537. Theory of Numbers. Three semester hours.
Factorization and divisibility, diophantive equations, congruences, quadratic
reciprocity,
arithmetic functions, asymptotic density, Riemann's zeta function, prime number
theory,
Fermat's Last Theorem. Prerequisite: Consent of instructor.
538-539. Functions of a Complex Variable. Six semester hours.
Geometry of complex numbers, mapping, analytic functions, Cauchy-Riemann
conditions,
complex integration. Taylor and Laurent series, residues. Prerequisite: Math
511.
543-544. Abstract Algebra. Three semester hours.
Groups, isomorphism theorems, permutation groups, Sylow Theorems, rings,
ideals, fields,
Galois Theory. Prerequisite: Math 334.
595. Research Literature and Techniques.
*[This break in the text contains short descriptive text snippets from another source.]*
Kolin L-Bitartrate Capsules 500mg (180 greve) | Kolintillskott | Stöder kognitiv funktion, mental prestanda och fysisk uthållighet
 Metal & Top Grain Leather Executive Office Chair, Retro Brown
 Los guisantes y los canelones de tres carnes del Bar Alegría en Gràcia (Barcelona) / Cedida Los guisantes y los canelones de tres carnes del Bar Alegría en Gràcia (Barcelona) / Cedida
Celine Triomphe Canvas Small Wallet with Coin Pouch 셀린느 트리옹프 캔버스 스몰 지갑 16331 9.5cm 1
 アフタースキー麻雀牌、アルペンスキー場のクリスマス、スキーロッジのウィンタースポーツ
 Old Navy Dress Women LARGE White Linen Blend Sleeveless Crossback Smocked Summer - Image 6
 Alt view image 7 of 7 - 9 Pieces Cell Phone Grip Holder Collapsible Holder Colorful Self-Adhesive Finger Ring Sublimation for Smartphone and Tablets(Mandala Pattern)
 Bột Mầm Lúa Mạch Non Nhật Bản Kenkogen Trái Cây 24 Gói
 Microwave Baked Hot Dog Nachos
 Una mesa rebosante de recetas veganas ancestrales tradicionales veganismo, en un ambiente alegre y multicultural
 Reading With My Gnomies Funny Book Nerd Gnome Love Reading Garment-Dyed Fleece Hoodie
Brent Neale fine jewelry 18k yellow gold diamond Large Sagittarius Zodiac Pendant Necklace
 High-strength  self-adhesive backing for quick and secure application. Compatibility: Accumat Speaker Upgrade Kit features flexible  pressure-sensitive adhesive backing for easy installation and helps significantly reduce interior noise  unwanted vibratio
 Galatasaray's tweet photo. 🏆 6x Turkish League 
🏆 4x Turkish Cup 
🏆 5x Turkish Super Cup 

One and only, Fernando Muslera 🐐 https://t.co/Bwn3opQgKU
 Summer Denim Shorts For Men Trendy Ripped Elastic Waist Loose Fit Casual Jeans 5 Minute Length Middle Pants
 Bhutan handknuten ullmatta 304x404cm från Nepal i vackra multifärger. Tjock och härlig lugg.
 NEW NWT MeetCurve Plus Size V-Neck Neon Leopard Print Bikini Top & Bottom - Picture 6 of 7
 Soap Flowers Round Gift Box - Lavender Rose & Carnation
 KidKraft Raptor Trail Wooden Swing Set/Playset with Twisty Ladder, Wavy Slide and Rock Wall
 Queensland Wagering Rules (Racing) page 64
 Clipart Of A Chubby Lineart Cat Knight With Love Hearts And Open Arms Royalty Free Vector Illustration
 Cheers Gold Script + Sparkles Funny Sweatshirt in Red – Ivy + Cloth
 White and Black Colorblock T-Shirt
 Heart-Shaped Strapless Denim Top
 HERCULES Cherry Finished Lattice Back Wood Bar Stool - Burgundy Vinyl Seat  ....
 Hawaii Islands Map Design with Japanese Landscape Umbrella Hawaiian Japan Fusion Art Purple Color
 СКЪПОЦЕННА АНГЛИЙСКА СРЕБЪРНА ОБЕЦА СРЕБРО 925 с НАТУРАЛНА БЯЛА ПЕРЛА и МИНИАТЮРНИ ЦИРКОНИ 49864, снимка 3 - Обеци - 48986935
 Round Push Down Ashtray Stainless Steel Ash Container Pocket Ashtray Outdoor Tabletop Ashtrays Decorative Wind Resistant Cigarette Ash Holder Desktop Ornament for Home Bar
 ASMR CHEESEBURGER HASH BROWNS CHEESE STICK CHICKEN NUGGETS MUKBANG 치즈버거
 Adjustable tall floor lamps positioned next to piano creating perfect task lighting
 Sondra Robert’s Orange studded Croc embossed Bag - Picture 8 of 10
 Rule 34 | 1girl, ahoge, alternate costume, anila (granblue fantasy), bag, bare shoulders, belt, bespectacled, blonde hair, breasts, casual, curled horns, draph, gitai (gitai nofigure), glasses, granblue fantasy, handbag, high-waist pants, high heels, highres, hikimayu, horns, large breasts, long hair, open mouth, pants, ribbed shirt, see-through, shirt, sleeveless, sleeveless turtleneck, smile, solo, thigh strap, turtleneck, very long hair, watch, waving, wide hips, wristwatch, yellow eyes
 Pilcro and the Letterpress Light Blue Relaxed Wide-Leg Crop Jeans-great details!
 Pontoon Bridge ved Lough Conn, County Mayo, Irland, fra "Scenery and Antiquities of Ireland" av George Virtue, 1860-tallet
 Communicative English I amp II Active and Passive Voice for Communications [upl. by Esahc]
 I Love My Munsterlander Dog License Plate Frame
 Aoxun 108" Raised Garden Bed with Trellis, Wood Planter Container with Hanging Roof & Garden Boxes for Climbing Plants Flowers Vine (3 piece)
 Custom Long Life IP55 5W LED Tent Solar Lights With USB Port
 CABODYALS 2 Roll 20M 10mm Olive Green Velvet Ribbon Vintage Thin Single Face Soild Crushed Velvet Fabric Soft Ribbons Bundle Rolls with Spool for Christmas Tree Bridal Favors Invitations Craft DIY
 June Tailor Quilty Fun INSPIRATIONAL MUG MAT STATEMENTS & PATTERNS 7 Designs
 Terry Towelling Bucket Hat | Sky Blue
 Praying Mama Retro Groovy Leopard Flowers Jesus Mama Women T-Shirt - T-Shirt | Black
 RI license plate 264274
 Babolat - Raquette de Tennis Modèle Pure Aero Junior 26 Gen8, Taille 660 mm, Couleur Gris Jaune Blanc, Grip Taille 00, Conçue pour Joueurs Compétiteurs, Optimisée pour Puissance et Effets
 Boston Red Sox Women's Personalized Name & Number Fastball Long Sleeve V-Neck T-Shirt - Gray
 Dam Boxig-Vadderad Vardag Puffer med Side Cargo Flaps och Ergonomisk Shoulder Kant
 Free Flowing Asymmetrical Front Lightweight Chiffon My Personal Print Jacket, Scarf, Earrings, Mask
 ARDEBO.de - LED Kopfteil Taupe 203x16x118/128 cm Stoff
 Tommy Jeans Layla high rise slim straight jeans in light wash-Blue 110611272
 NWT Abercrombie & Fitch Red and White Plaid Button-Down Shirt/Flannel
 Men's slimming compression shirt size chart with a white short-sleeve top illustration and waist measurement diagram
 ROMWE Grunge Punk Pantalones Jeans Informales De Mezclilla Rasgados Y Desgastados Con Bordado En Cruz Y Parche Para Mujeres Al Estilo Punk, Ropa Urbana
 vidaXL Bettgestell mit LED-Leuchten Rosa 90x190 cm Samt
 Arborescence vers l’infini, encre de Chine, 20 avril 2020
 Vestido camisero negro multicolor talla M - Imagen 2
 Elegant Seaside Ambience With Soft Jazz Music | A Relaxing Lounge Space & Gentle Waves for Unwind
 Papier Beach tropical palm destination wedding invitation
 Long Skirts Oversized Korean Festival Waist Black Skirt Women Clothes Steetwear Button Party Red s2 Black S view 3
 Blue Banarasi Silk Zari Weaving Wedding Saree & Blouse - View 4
Three semester hours.
This course provides a review of the research literature pertinent to the field
of mathematics. The
student is required to demonstrate competence in research techniques through a
literature
investigation and formal reporting of a problem. Graded on a (S) satisfactory
or (U)
unsatisfactory basis. Prerequisite: Consent of instructor.
597. Special Topics. One to four semester hours.
Organized class. May be repeated when topics vary.
Courses in Applied Mathematics with Computer Applicability
561. Statistical Computing and Design of Experiments. Three semester
hours.
A computer oriented statistical methods course which involves concepts and
techniques
appropriate to design experimental research and the application of the
following methods and
techniques on the digital computer: methods of estimating parameters and
testing hypotheses
about them, analysis of variance, multiple regression methods, orthogonal
comparisons,
experimental designs with applications. Prerequisite: Math 401 or 501.
Curriculum for Secondary Teachers
520. Foundations of Complex Analysis. Three semester hours.
The properties of complex numbers are studied, and some emphasis is given to
analytic functions
and infinite series. Teachers of analysis or trigonometry will benefit from
this course.
Recommended background: Math 225.
530. Foundations of Mathematics. Three semester hours.
The fundamental properties of sets, logic, relations, and functions will be
studied. This course
will be helpful to secondary teachers by giving them a better understanding of
the terms and
ideas used in modern mathematics.
550. Foundations of Abstract Algebra. Three semester hours.
The fundamental properties of algebraic structures such as properties of the
real numbers,
mapping, groups, rings, and fields. The emphasis will be on how these concepts
can be related to
the teaching of high school algebra. Recommended background: Math 331 or 530.
560. Foundations of Euclidean Geometry. Three semester hours.
Various geometries, including Euclidean geometry, will be studied. Background
for a better
understanding of Euclidean geometry will be emphasized. Recommended background:
High
school geometry or Math 301.
580. Topics from the History of Mathematics. Three semester hours.
A chronological presentation of historical elementary mathematics. The course
presents
historically important problems and procedures. Prerequisite: Graduate standing
with equivalent
of undergraduate minor in mathematics.